How the American Alpine Club Works

Joining the American Alpine Club

You could browse through much of the American Alpine Club's Web site without becoming a member. You could add your name to the list of 1,449 fans of the American Alpine Club's page on Facebook (as of November 2009) without becoming a member. You also could buy the many climbers' guides and other books the AAC publishes without joining this premier adventure sports club.

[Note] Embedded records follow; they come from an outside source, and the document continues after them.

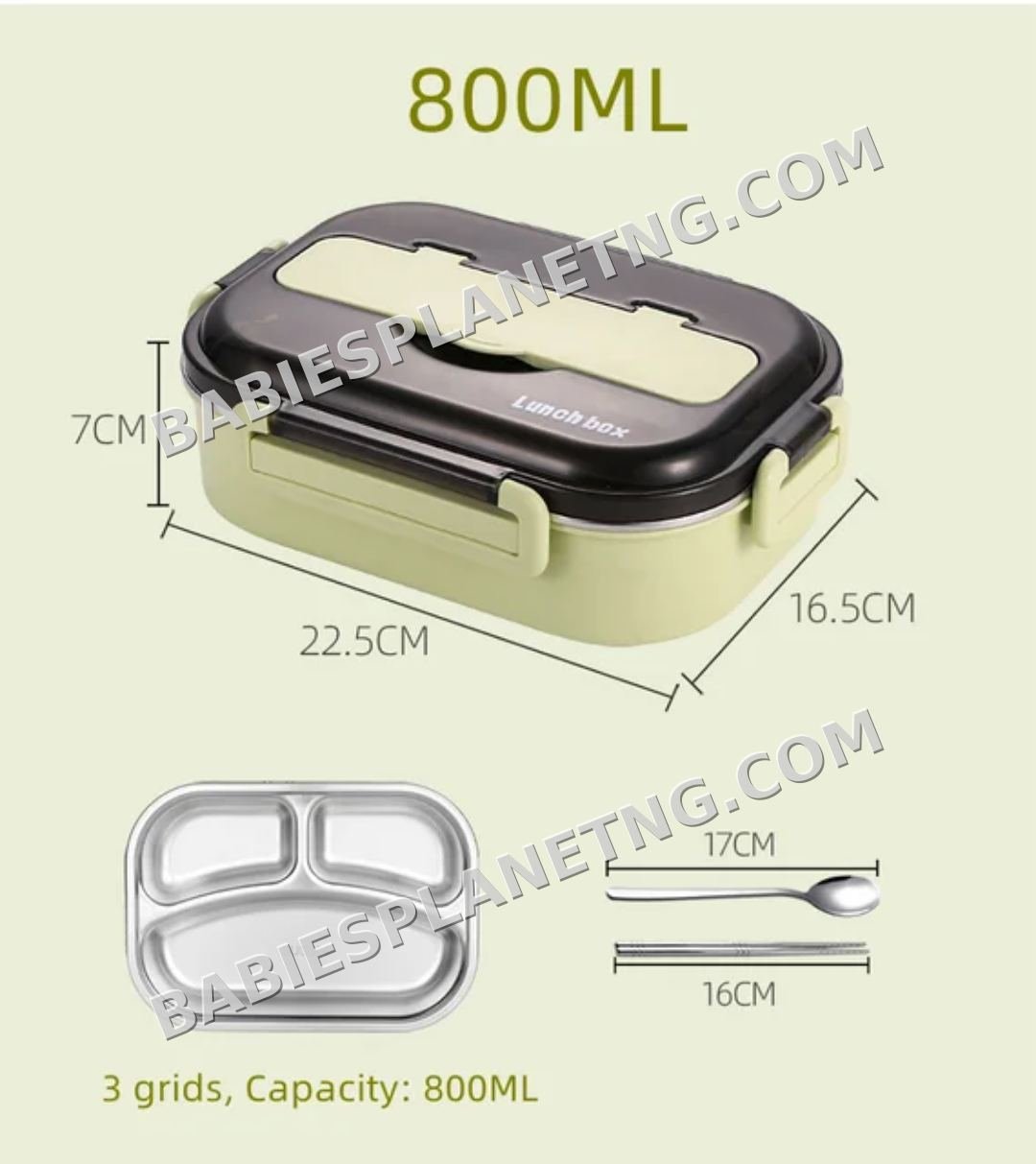 800ML Lunchbox with Spoon and Chopsticks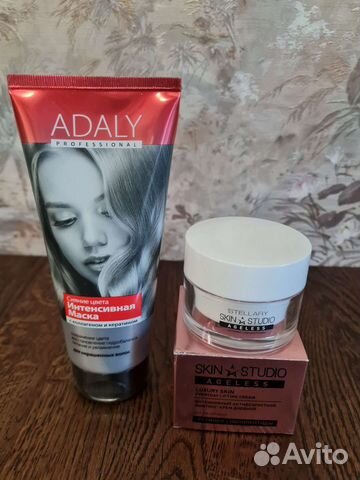 Крем для лица, маска для волос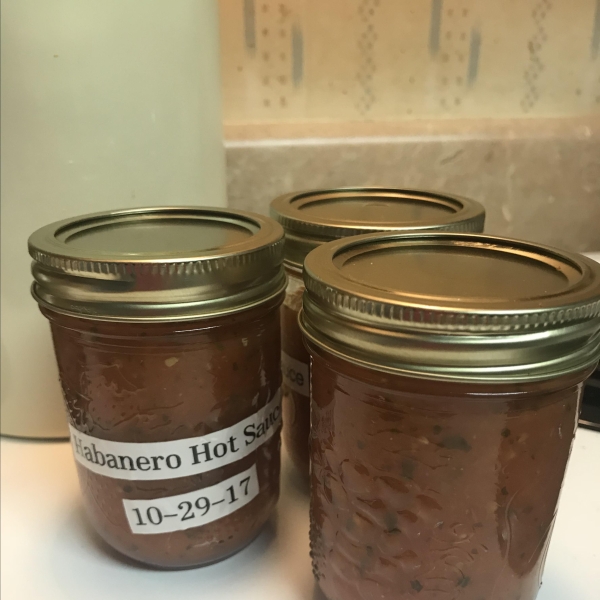 Homemade Habanero Hot Sauce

But many people who are seriously interested in climbing find that there's a lot of upside to paying the annual fee and becoming a full-fledged member. The American Alpine Club is more than just an adventure club. It provides useful benefits and logistics as well as practical and sometimes entertaining information. With many experienced and novice climbers as members, the club is an invaluable network for those who love climbing and other adventure sports. As one member, Mike Libecki, says on the club's Web site, being a member of the American Alpine Club is "a must for the vertically obsessed" [source: American Alpine Club].

Joining the club is as easy as visiting its Web site. Memberships are available at varied levels:

  • Regular membership: $75
  • Senior membership, for those 66 and older: $50
  • Junior membership, for those 28 and younger: $40
  • Joint membership for two people who will share the set of the publications that come with membership: $125

For a $24 upgrade, members get the same discounts that members of the Alpine Club of Canada use to stay at that club's Canmore Clubhouse and its many country huts [source: American Alpine Club].